[Short descriptive text snippets]
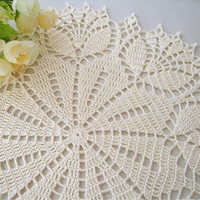 Crochet table cover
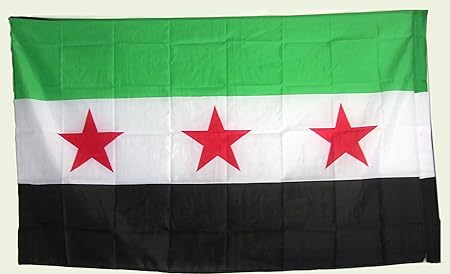 Amazon Com Dbj Free Syria Flag Garden Outdoor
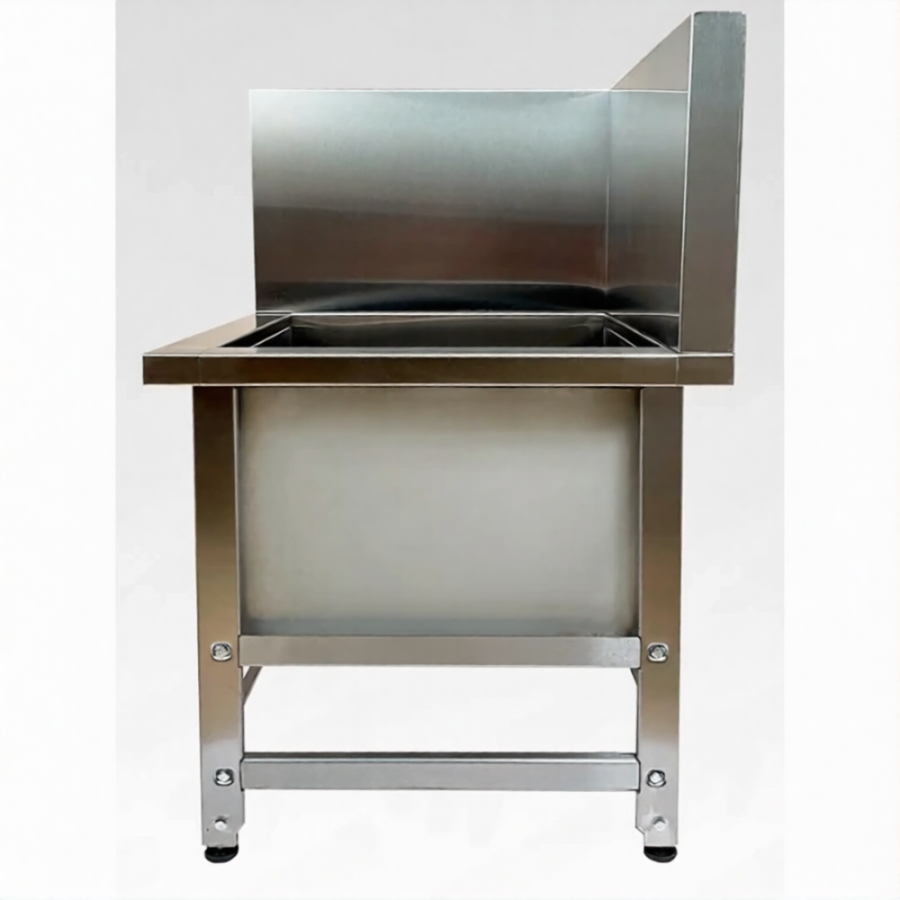 Ванна моповая ВМСн 500(800)х530х530  1 м/о (облицовка Г-обр., правая; ножка угловая)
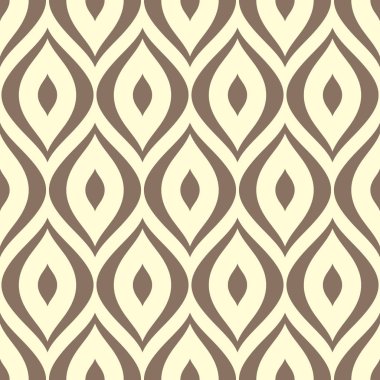 Soyut, pürüzsüz süs desenli vektör çizimi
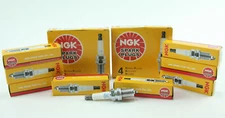 Set of 8 NGK 2460 Spark Plugs Genuine Authentic Nickel BKR5ES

- TASK REQUIREMENTS -
With the images excluded, reproduce the data above precisely as written.

- OUTPUT FOR THIS TASK -
 Crochet table cover
 Amazon Com Dbj Free Syria Flag Garden Outdoor
 Ванна моповая ВМСн 500(800)х530х530  1 м/о (облицовка Г-обр., правая; ножка угловая)
 Soyut, pürüzsüz süs desenli vektör çizimi
 Set of 8 NGK 2460 Spark Plugs Genuine Authentic Nickel BKR5ES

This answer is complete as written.